§ **What you will do**
When you return the data, keep every line exactly as it is and leave out the pictures.

§ **Supplied material**

........

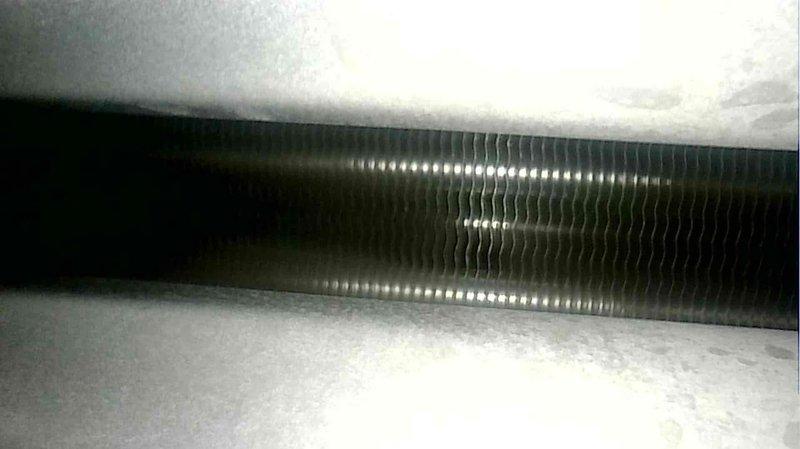 Completed routine HVAC maintenance tune-up on 8-year-old furnace system. Inspected heat exchanger coils and verified all components working properly. System is functioning normally with no issues identified.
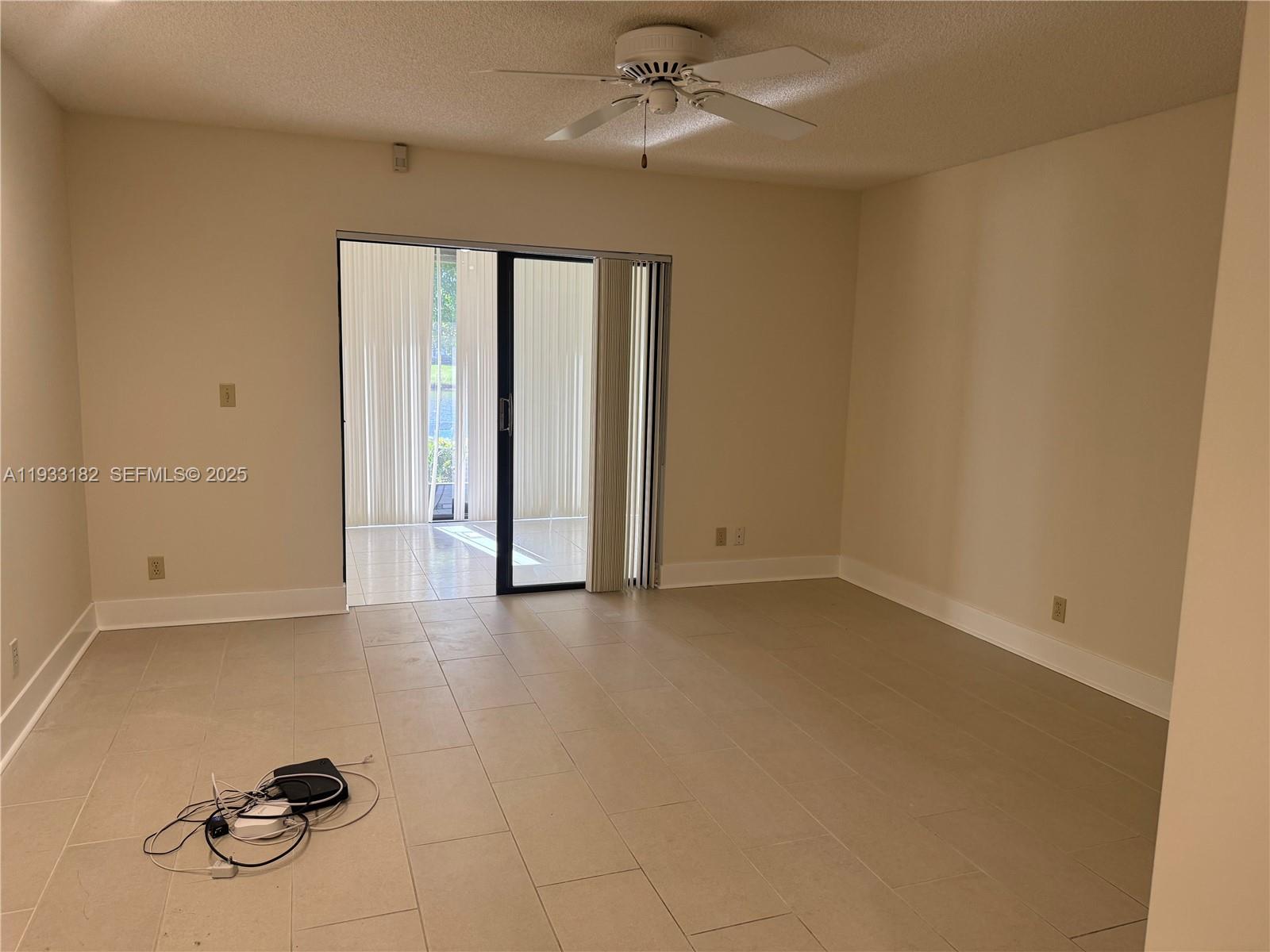 8200 Whispering Palm Drive, Unit F Boca Raton, FL 33496 - Photo 16 of 19 a view of an empty room with a window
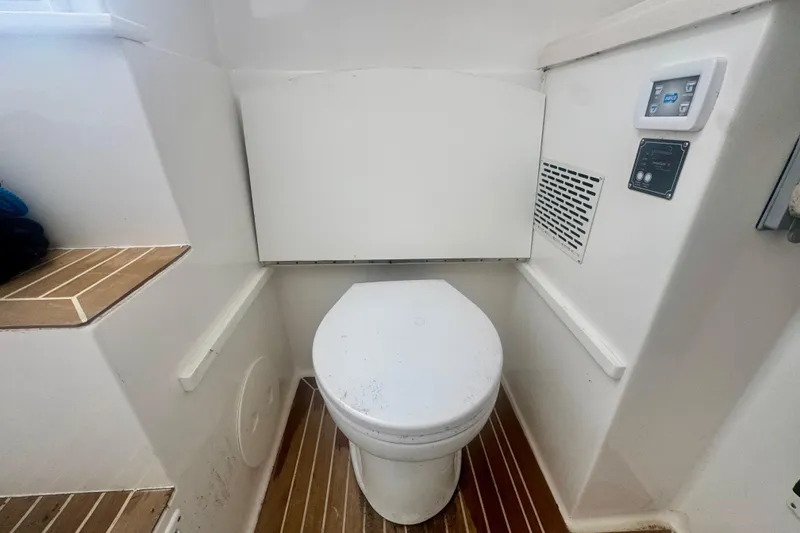 Slide: The Image of 2017 Stamas 390 Tarpon boat interior with a compact marine toilet setup. - 4
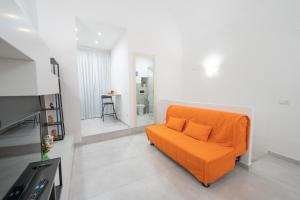 um sofá laranja sentado numa sala de estar em Vico Amico by Dimorra em Nápoles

........

§ **Solution below**
 Completed routine HVAC maintenance tune-up on 8-year-old furnace system. Inspected heat exchanger coils and verified all components working properly. System is functioning normally with no issues identified.
 8200 Whispering Palm Drive, Unit F Boca Raton, FL 33496 - Photo 16 of 19 a view of an empty room with a window
 Slide: The Image of 2017 Stamas 390 Tarpon boat interior with a compact marine toilet setup. - 4
 um sofá laranja sentado numa sala de estar em Vico Amico by Dimorra em Nápoles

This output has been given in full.